Como é que algo tão recente (sim, porque nós, os humanos da atualidade, estamos cá há cerca de 300 mil anos), e sem o qual vivemos durante milhares e milhares de anos, se tornou indispensável?
Mais ainda, desde quando é que o telemóvel deixou de ser somente um meio de comunicação de extrema eficiência e passou a ser um estimulante de neurotransmissores?
A verdade é que, por esta altura, se estará a perguntar se será um dos corajosos capaz de largar o seu telemóvel durante quinze dias, como o título sugere.
Neste artigo, vou explicar-lhe porque é que será dificílimo fazê-lo, e porque quererá desistir – mas também porque se sentirá melhor depois de o fazer.

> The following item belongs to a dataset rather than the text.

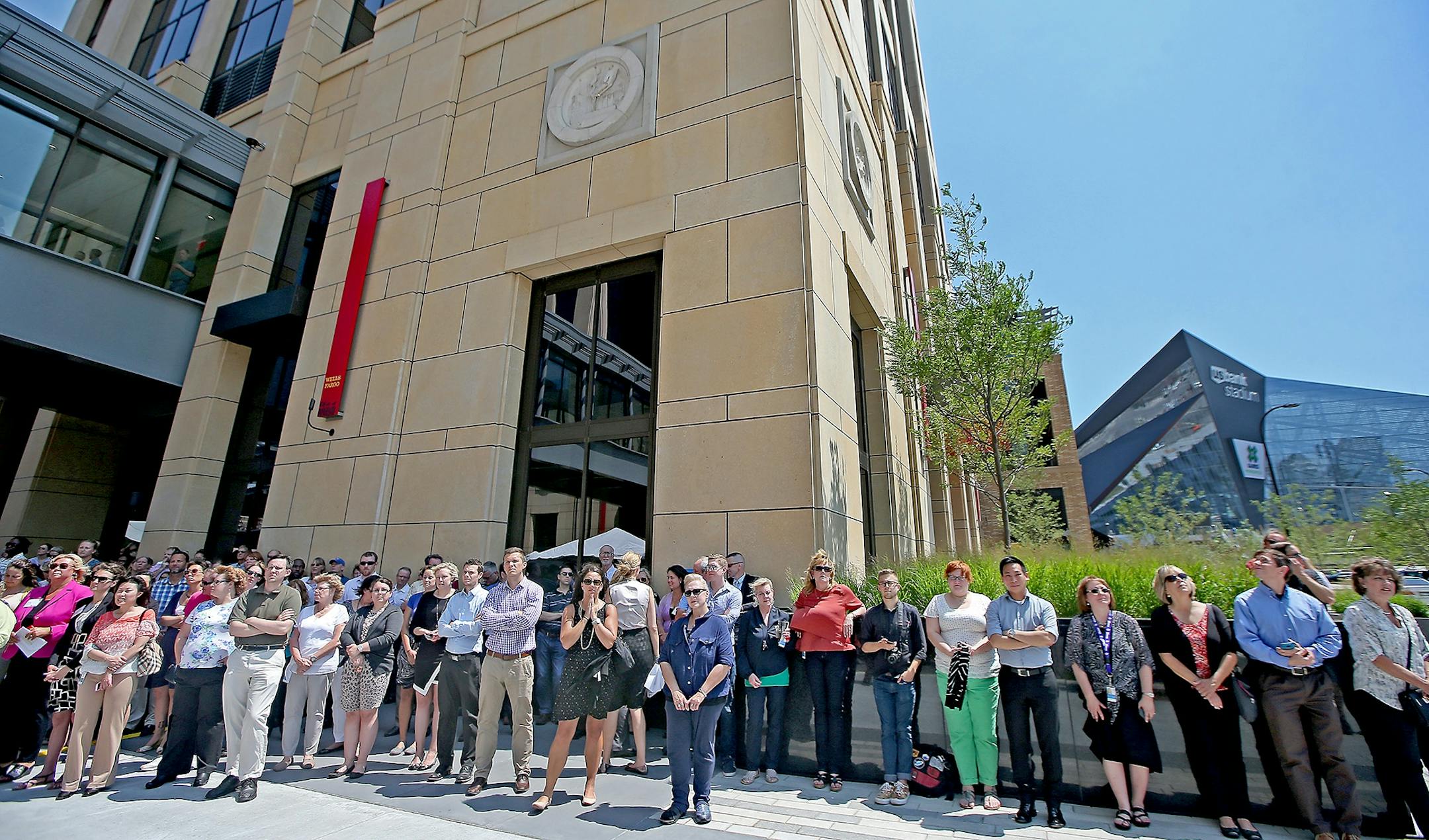 With the historic Star Tribune medallions decorating the exterior of the new Wells Fargo building, employees and visitors watched as executives and city officials celebrated the grand opening of Minneapolis East Town Towers, Wednesday, July 20, 2016 in downtown Minneapolis, MN.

Partiremos então para a ciência do cérebro. E da dependência. Como passámos a depender tanto dos nossos telemóveis? A resposta é mais inteligível do que possa parecer à primeira vista, e baseia-se na forma como o nosso cérebro aprende e desaprende comportamentos. Há de se lembrar dos seus episódios de traquinice: daquela vez em que entrou dentro de casa com as botas sujas de lama, de chapinhar em poças no meio da estrada de terra batida quando tinha cinco anos, de a mãe se zangar consigo, e de ter levado um raspanete inesquecível. Lembrar-se-á também que após uma afronta do género, não repetiu essa ação.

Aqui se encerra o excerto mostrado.